Günlerce yürümüş, dereler tepeler aşmış. Her zorlukta söylenmeyi bırakmamış: “Bu ne biçim yolculuk! Keşke daha kısa olsa!” diye homurdanmış. Sonunda, yorgunluktan bitap düşmüş bir halde o pırıl pırıl ağacı görmüş. Ağacın gölgesi öylesine serinmiş ki, Hüseyin hemen altına uzanıp gözlerini kapatmış.
Hüseyin’in zihnine ilk hücum eden düşünce, yorgunluk ve açlık olmuş: “Ah, ne kadar açım ve susuzum! Şimdi yanımda mis gibi yemekler ve buz gibi şerbetler olsa…” demiş. Ağacın sihri hemen işlemiş. Gözlerini açtığında, önünde porselen tabaklar içinde çeşit çeşit yemekler, kristal sürahilerde soğuk şerbetler belirmiş. Hüseyin, şaşkınlığını unutup iştahla yiyip içmiş.
Karnı doyduktan sonra, sıra asıl dileğine, yani zenginliğe gelmiş. Tam altınlar ve mücevherler dileyecekken, aklına ikinci bir düşünce girmiş: “Bu kadar güzel bir ziyafetin, bu kadar büyülü bir ağacın bir bedeli olmalı. Kesin burada beni bekleyen korkunç bir canavar var.
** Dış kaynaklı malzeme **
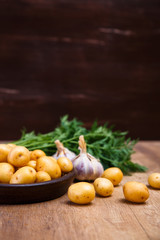 Potatoes in plate. Carrot tops, garlic and raw new potato. Fresh natural vegetables. Organic bio food on rustic wooden table.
Eğer varsa, şimdi gelip beni yakalayıp yiyecek!” demiş.
İşte ne olduysa o an olmuş! Ağacın gücü, adamın içindeki bu derin korkuyu, yani en baskın ikinci düşünceyi gerçek yapmış. Hemen o an, ağacın arkasından simsiyah, kıllı, kocaman, gözleri ateş saçan korkunç bir canavar çıkagelmiş. Korkudan dili tutulan Hüseyin, son anda bile “Keşke zenginliği dileseydim!” diye düşünmeye fırsat bulamamış. Canavar, Hüseyin’i bir kuzu gibi yakalamış ve yutmuş.
Gökten üç elma düşmüş. Biri bu masalı anlatanın, biri dinleyenin ve sonuncusu da, korkuları değil, güzel dilekleri zihninde büyütenlerin başına düşmüş. Onlar ermiş muradına, biz çıkalım kerevetine…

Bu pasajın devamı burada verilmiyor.